Neuroscience and machine learning experiments now produce datasets of several animals or networks performing the same task. Below are two matrices representing simultaneously recorded activities from neurons in two different networks.

You can think of these as responses from two different animals, or two brain regions, or two deep net layers. Each column is a neuron and each row is the population response to a given stimulus condition. A fundamental question in neural representation learning & neuroscience is: Given multiple networks that were doing the same task, how related are their neural representations of the task? These two network matrices are high-dimensional, with the number of dimensions equal to the number of neurons, but for the sake of visualization, let’s assume responses each lie on some low 3D manifold of responses where each row of the matrix representing the population response to a condition is is plotted as a colored point in this space.

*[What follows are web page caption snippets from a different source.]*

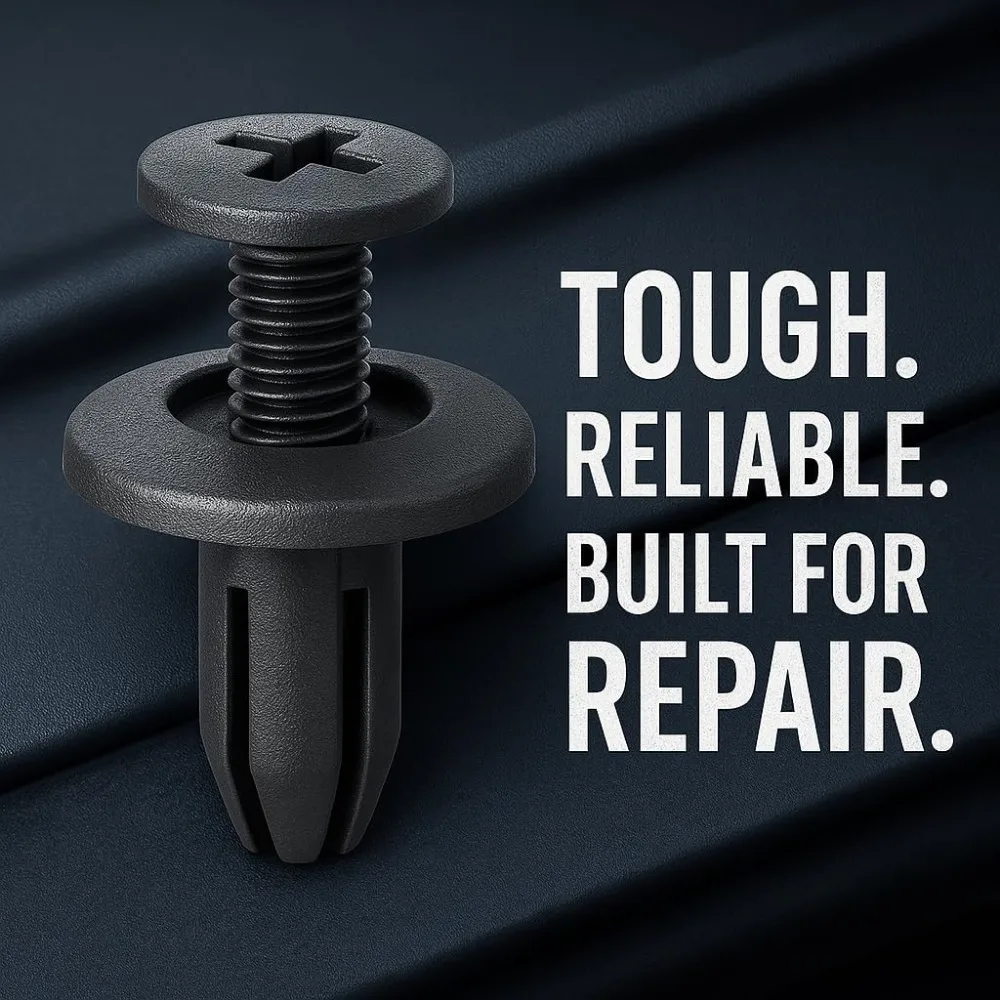 100 Pcs Car Fender Skirt Push-Type Plastic Nylon Retainer Clips Fasteners 15x12x6mm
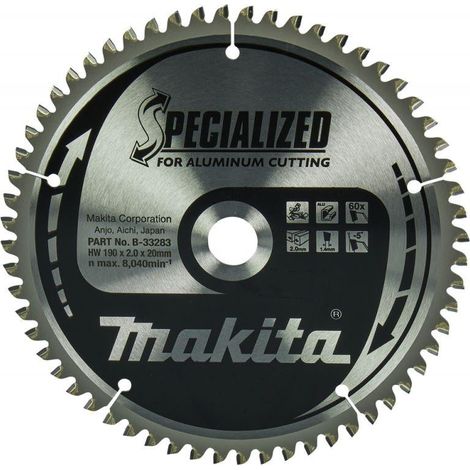 MAKITA B-33283 Specialized for Aluminum 190mm x 20mm x 60T
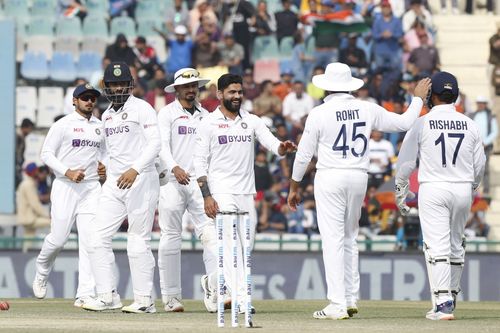 Team India celebrate a wicket on Day 3. Pic: BCCI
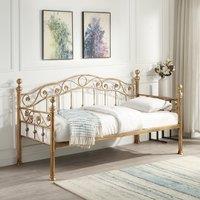 OAT Home Mayfair Antique Brass Effect Metal Single Day Bed Frame in Bronze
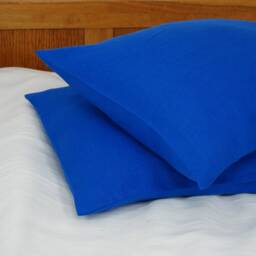 Set Of 2 Linen Pillow Cases. Linen Case in Royal Blue. Stone Washed, Soft Sham. Envelope Closure Cover - thumbnail 3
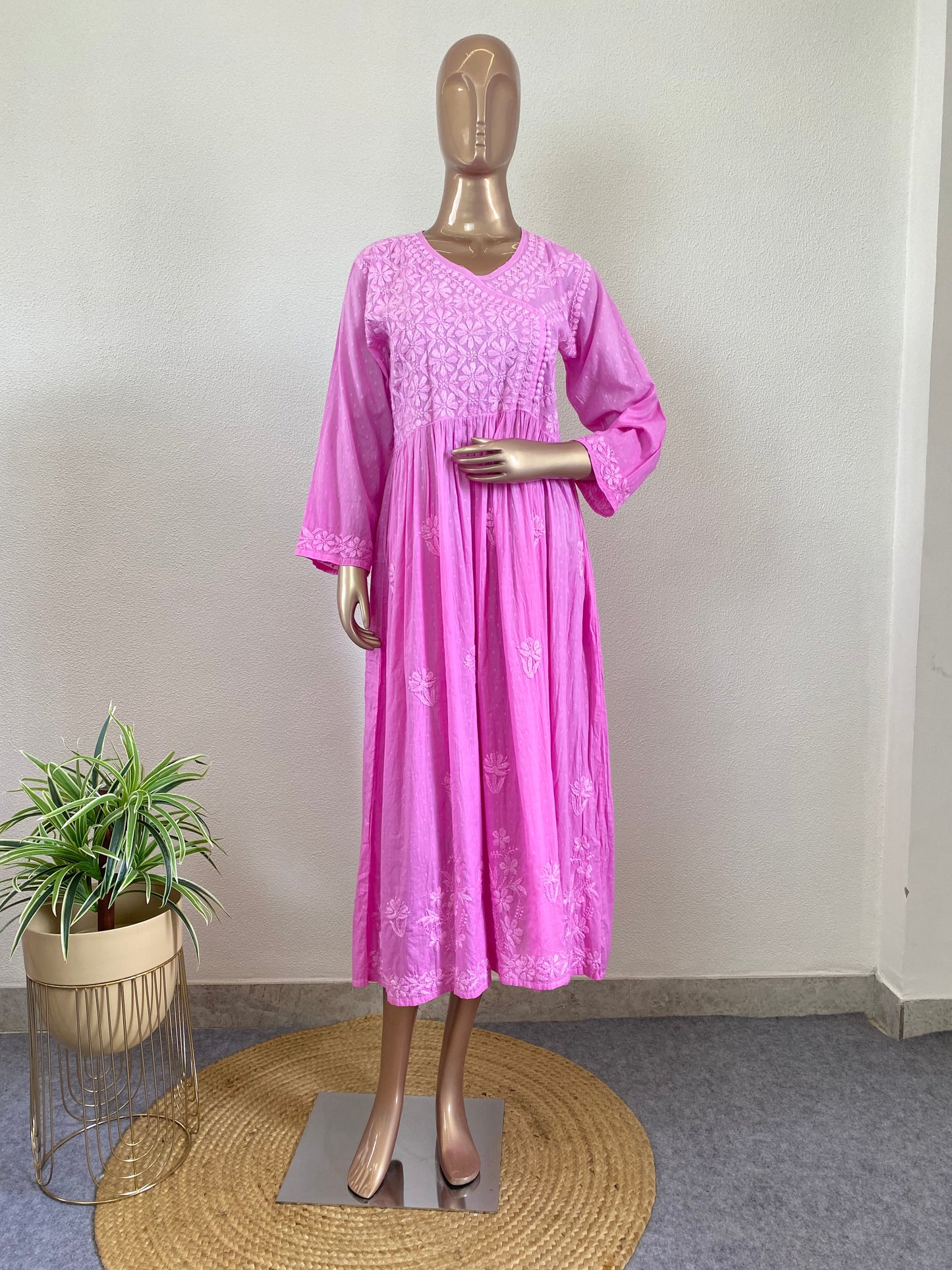 Dobby Cotton Chikankari Tunic - Pink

This manifold traces out a purple Pringles chip for network 1, and a green, slightly warped and rotated Pringles chip for network 2. How can we compare these representational geometric objects to each other, and how does that relationship correlate with the task? There have been many proposed methods to answer this question of network similarity, but I’m going to talk about a method and extensions to one that was proposed recently that draws from ideas from the field of **statistical shape analysis** (Williams et al. 2022).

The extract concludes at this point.